You should pace yourself so you don't run out of games to play :lol:


----------



## Clean ocd (Mar 29, 2014)

Clancy said:


> Good then ?
> 
> You should pace yourself so you don't run out of games to play :lol:


already have lol nothing to play


----------



## Clancy (Jul 21, 2013)

Yeah I know that's why I said it lol seen your thread the other day 

Is that evolve game any good ?


----------



## xJay1337 (Jul 20, 2012)

I got mine through on the 27th.
I literally only had a chance to play it yesterday for an hour right before bed at Midnight haha.

I really like it. It will take a little bit of time to get used to the controls of course but so far i really like it.
although can't help I won't be enjoying it to the fullest until you have unlocked some of the extra skills and moves.


----------



## Clancy (Jul 21, 2013)

Tried buying it today on the way home but no where is in stock, will try again tomorrow


----------



## Clean ocd (Mar 29, 2014)

Clancy said:


> Yeah I know that's why I said it lol seen your thread the other day
> 
> Is that evolve game any good ?


dont rate it at all unless playing with your pals , playing alone complete and utter


----------



## xJay1337 (Jul 20, 2012)

Played a bit more yesterday.. liking it. Running at night is genuinely scary.


----------



## Clean ocd (Mar 29, 2014)

xJay1337 said:


> Played a bit more yesterday.. liking it. Running at night is genuinely scary.


after you complete it there nothing else to do so basically the game is good has a lot missions to do including the side quests but once thats done there is nothing else to do so just thought let you all know that


----------



## xJay1337 (Jul 20, 2012)

When you finish it are there no more side missions or quests to do then? 
Does it still allow you to free roam, there are lots of notes etc to find so could be fun for a while, especially if you can multi player with your mates.
(i don't have any of those  )


----------



## Clancy (Jul 21, 2013)

Ah that's alright I normally get bored be for I run our of things to do on free roam games lol 

Shop still didn't have this today, hopefully will get it tomorrow. anyone's welcome to add me if they wanna have a game (once I've got it lol)


----------



## Clean ocd (Mar 29, 2014)

ps or xbox , i have a few weapons can give you which does 2500 damage one of the highest damaged weapons in the game


----------



## xJay1337 (Jul 20, 2012)

I am ps4 but no PSN+.

When you finish the game are you still able to run about and explore?


----------



## Clean ocd (Mar 29, 2014)

xJay1337 said:


> I am ps4 but no PSN+.
> 
> When you finish the game are you still able to run about and explore?

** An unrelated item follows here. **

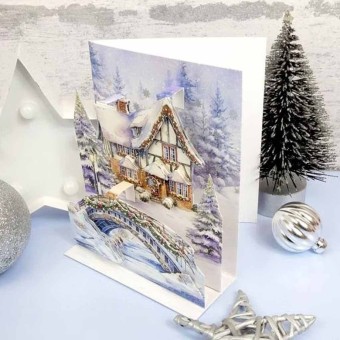 A Winter Retreat Pop Up Stepper Card Paper Cr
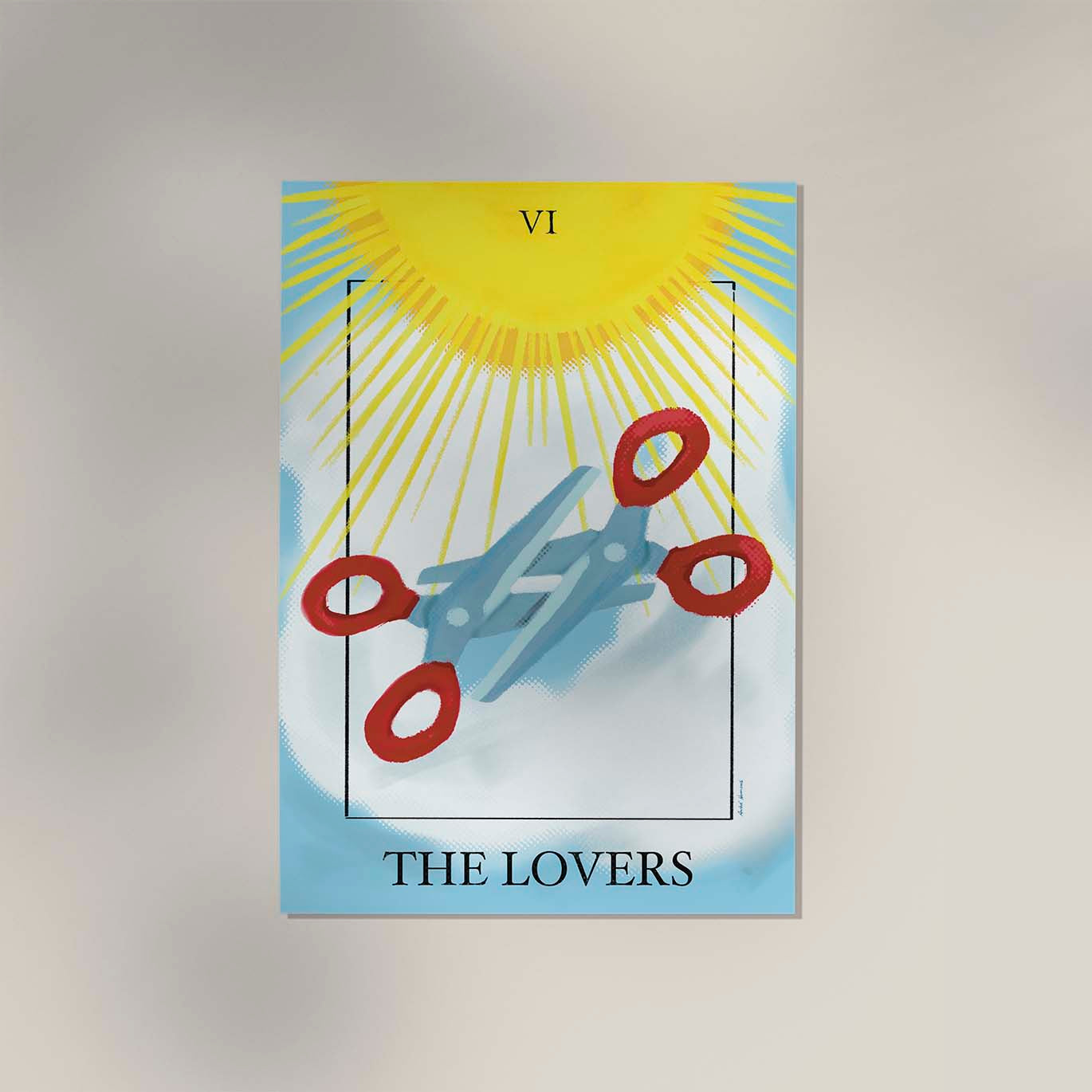 The Lovers: Scissors Art Print by André Humeres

yeah but really nothing to explore apart from getting safe houses or do the challenges but i done them all when going threw the story so basically when completed was just nothing to do but the being attacked by the zombie is a bit of fun when your exploring with your friends


----------



## Clean ocd (Mar 29, 2014)

i only have dying light for my xbox one man or would of given you some weapons only have the last of us and few others for my ps4


----------



## Clancy (Jul 21, 2013)

Managed to get the game today but ain't got time to try it till after work tomorrow


----------



## Clancy (Jul 21, 2013)

This game is addictive, weekend plans have gone out the window


----------